Walau saya tidak terlalu yakin bahwa Presiden Soekarno pernah membaca karya dari Martin Heidegger mengingat presiden Soekarno sendiri lahir pada tanggal 6 Juni 1901 dan meninggal pada tahun 21 Juni 1970 sedangkan Martin Heidegger sendiri lahir pada tahun 26 September 1889 dan meninggal pad tahun 26 Mei 1976. Tapi memang kita tidak boleh menafsirakan teks diluar dari teks tersebut kata Dilthey. Heidegger pernah berujar bahwa pembahasan akan sejarah adalah bentuk kelupakan akan sejarah itu sendiri. Jika kita kaitkan bahwa menafsirakan Jasmerah tadi sebagai bentuk pengingatan akan sejarah bangsa Indonesia yang menundukan bangsa lain, mungkin itu berarti juga salah satu bentuk kelupaan Soekarno akan sejarah itu sendiri. Jika kita analisa dengan metode Heidegger tadi, bisa jadi tidak meninggalkan sejarah berarti bereksistensi dalam Sejarah itu sendiri, singkatnya kita berada dalam sejarah dan membangun sejarah dalam kerangka Zeitlichkeit (Saya menggunakan kata ini untuk membedakan waktu yang sebenaranya pada Dasein dengan Temporalitaan atau kemewaktuan yang berada diluar Dasein).
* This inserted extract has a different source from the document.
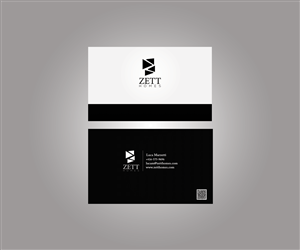 Business Card Design by Minute for Lucas Richard Design | Design: #1902473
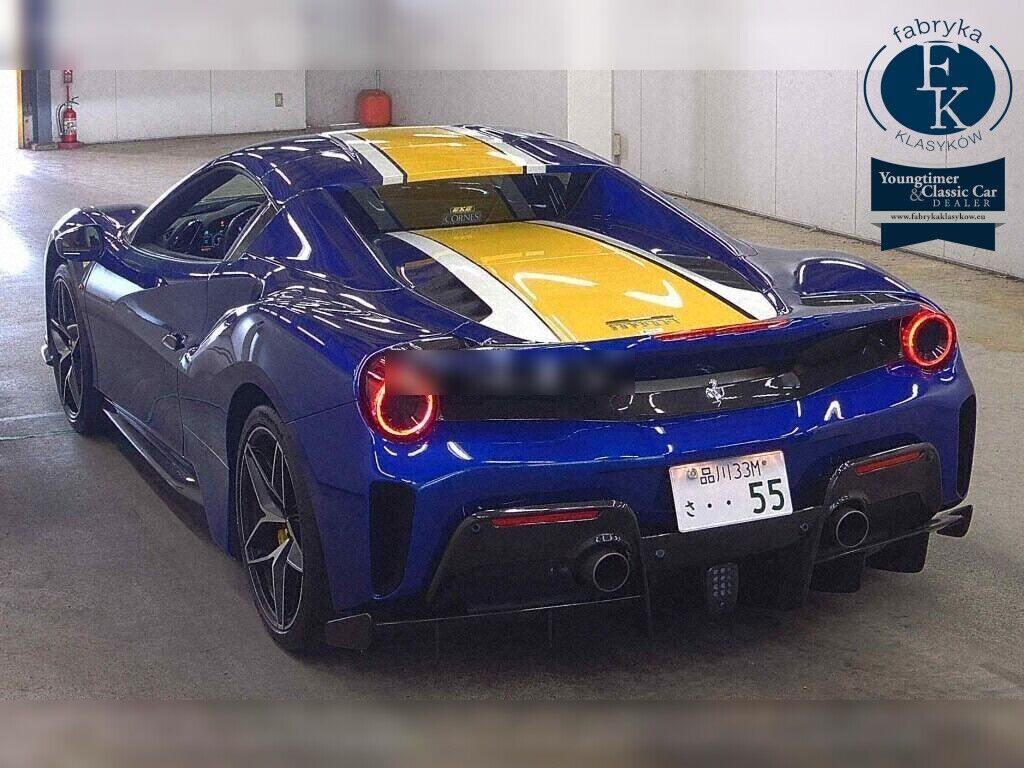 FERRARI 488 PISTA OTHERS 2020 - zdjęcie 4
Bagi saya ekonomi menjadi menarik ketika ekonomi sebenarnya bukanlah tentang uang, tapi tentang kerja yang merubah nilai menjadi komoditas (Das Kapital, Marx), untuk itu dibahas disini tentang kerja itu sendiri. Kerja merupakan salah satu metode manusia bereksisteni, jika kita kaitkan dengan sejarah hal itu berarti kerja merupakan metode manusia bereksistensi pada sejarah itu sendiri. Apakah keluar dari kerja bisa berarti manusia keluar dari eksistensi? Bereksistensi berarti membawa kesadaran kita pada Zeitlichkeit (Waktu), Zeitlichkeit merupakan kesadaran abadi, dan Sejarah ada-di-sana (Dasein) bersama waktu. Itu berarti Soekarno ingin mengajak pendengar saat itu untuk melewati batas Temporalitas-Zeitlichkeit untuk menjadi diri-Nya, agar diri kita menjadi diri Kita sendiri (sebuah kalimat “L’ettre pour soi” milik Sartre yang berarti jadilah diri sendiri akan memeberikan gambaran tentang Jasmerah milik Soekarno).
Memang anak Pak Karno, Ibu Soekma sering berteriak, “Merdeka !!”. Manusia dikutuk untuk merdeka (L’Homme est condamne a etre libre kata Sartre), berksistensi berarti memerdekaan diri, dia membebaskan dirinya dengan masuk ke dalam Zeitlichkeit. Merdeka berarti ber-Ada dalam sejarah, dan dengan berada dalam eksistensi sejarah yang mungkin ingin dibawa secara kolektif (wkwk emang bisa??), mungkin diharapkan oleh Presiden Soekarno bisa membawa masa depan yang lebih baik, yang merdeka.